### Given data
┌──
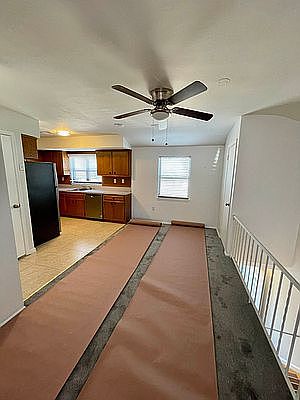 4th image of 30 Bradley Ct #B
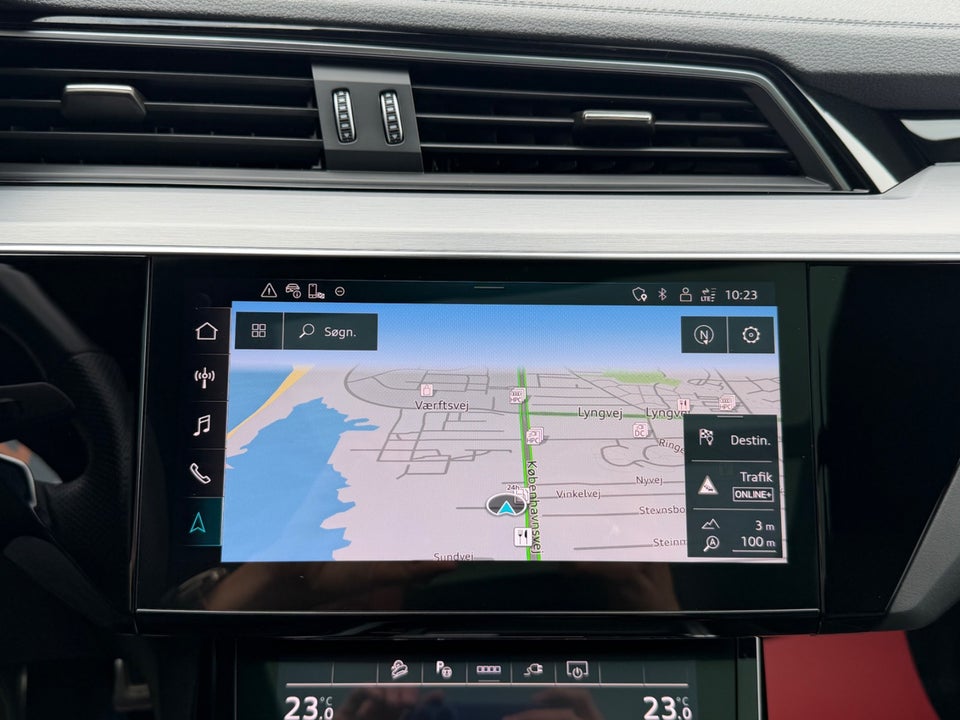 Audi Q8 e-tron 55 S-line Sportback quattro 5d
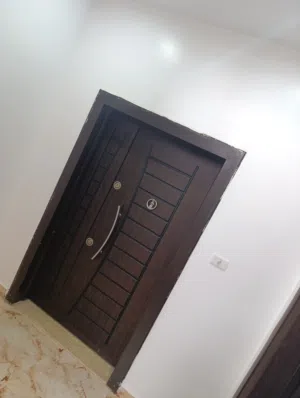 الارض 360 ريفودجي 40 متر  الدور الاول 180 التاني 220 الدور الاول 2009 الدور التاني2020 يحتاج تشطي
└──
┌──
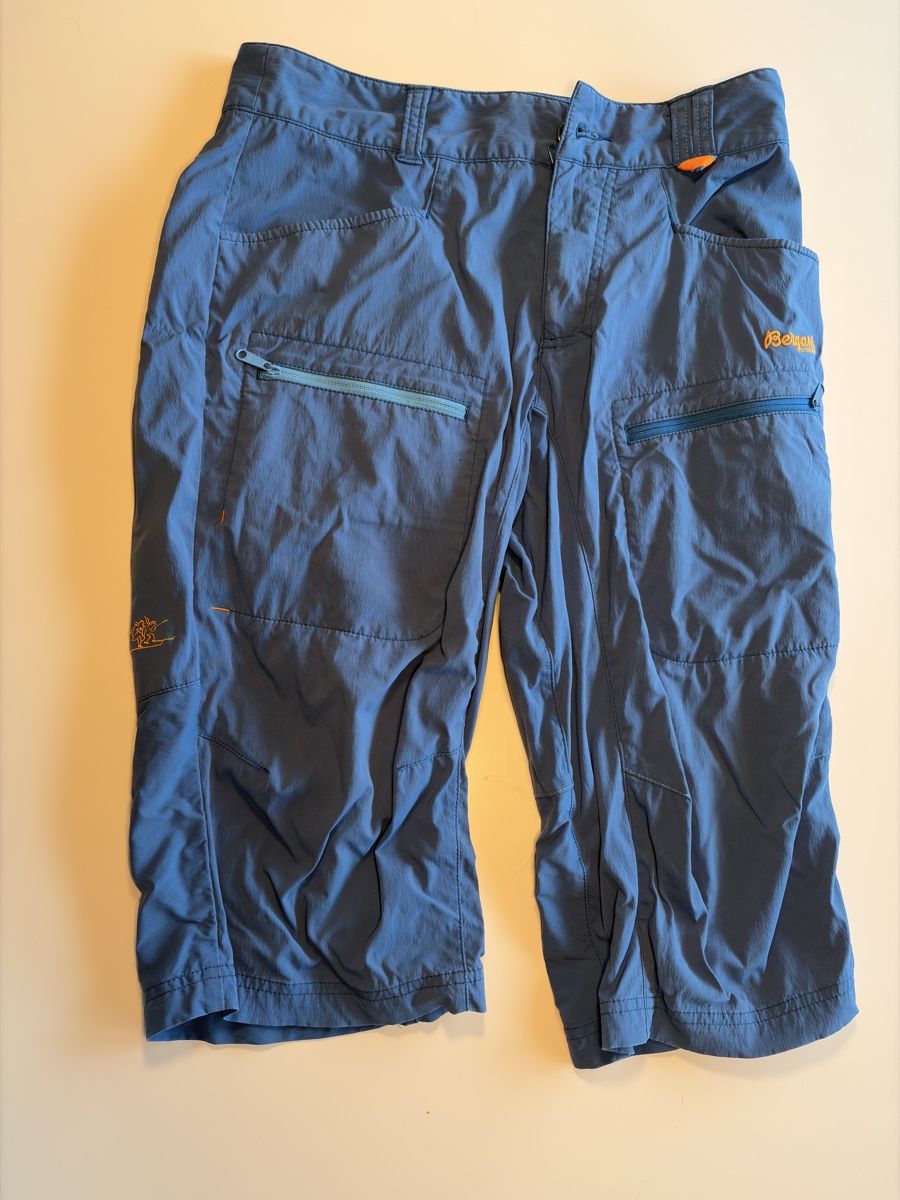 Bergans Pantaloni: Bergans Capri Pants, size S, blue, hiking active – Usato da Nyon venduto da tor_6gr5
└──
### Description of the task
Within the entries above, give again exactly the lines starting at the one that contains "4th image of 30 Bradley Ct #B" and ending at the one that contains "الارض 360 ريفودجي", leaving out the pictures.

### Answer to this exercise
 4th image of 30 Bradley Ct #B
 Audi Q8 e-tron 55 S-line Sportback quattro 5d
 الارض 360 ريفودجي 40 متر  الدور الاول 180 التاني 220 الدور الاول 2009 الدور التاني2020 يحتاج تشطي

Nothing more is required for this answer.